Pennsylvania Conference President Re-elected Despite Opposition to His Support for Women in Ministry
by AT News Team
Pastor Ray Hartwell was re-elected on Sunday (November 11) as president of the Pennsylvania Conference of the Seventh-day Adventist Church despite the opposition of a small number of people on the nominating committee. A secret ballot among delegates at a regular constituency session voted at 4:30 p.m., 236 to 102 to appoint Hartwell for another three-year term. A round of applause immediately occurred.
The nominating committee had previously recommended Pastor Mike Ortel, president of the denomination’s Northern New England Conference. This resulted in heated debate and a request to return the recommendation to the nominating committee for further consideration. At 12:30 p.m. Columbia Union Conference president Pastor Dave Weigley, in the chair, sent the delegates to lunch and asked the nominating committee to meet with him. Many people lined up to make statements to the committee as it met into the afternoon.
Hartwell has specifically avoided moving ahead with the ordination of women pastors despite the fact that there is at least one clear candidate for such a move. He has been criticized for commissioning Pastor Tara VinCross, senior pastor at the Chestnut Hill Church in Philadelphia, even though that is entirely within denominational policy and fully authorized by the General Conference (GC). Opposition has come from those who believe that women should not exercise spiritual leadership of any kind.
The attempt to replace Hartwell as conference president on this issue is ironic since he is the delegate at the 2010 GC Session in Atlanta who asked for a study of the theology of ordination. That request resulted in an announcement a few days later by newly-elected GC President Ted Wilson that such a study would be conducted which set the stage for the current controversy on this topic.

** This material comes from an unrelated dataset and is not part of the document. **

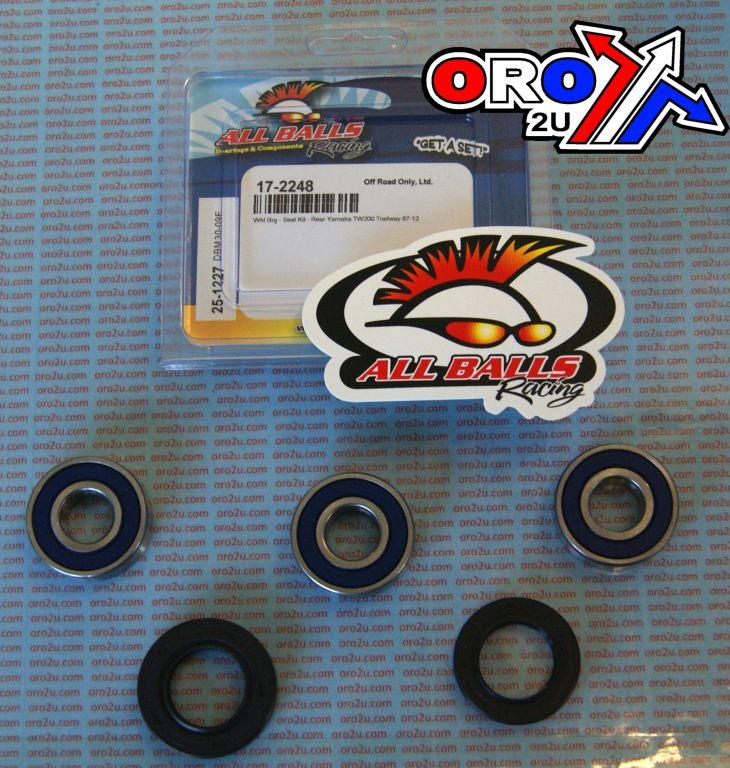 WHEEL BEARING KIT REAR 87-22 YAM TW200 TRAILWAY, ALLBALLS 25-1227 DIRT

Adventist Today has been told that in addition to the issue of women in pastoral ministry, there were also people in the conference who were upset with Hartwell’s handling of the youth camp facilities owned by Pennsylvania Conference. It is located in the far western reaches of the state while the majority of the membership lives in the eastern part of the conference. It has been a cause of contention since the Pennsylvania Conference was created from a merger of the previous West Pennsylvania and East Pennsylvania conferences nearly a half century ago. There has been sharp disagreement over whether to sell the property and purchase a new site closer to the middle of the state as well as years when the facilities have gone unused.
“A more than two to one margin of support for Elder Hartwell in a conference as conservative as Pennsylvania is a good sign,” a retired pastor who served in the state told Adventist Today. “It appears that support for women in ministry has grown to include a strong majority of Adventists across North America and Europe.”
Chaplain Barbara Rutt, a commissioned minister in the Pennsylvania Conference serving as a chaplain for Lehigh Valley Health Network, told Spectrum, the journal of the largest organization of Adventist academics, “Women in ministry was only discussed in pockets of people during the lunch break. Some are for it, some are not. It is an issue that for now in Pennsylvania is best left for [the] 2015 General Conference Session.” Rutt and her husband were delegates at the constituency session.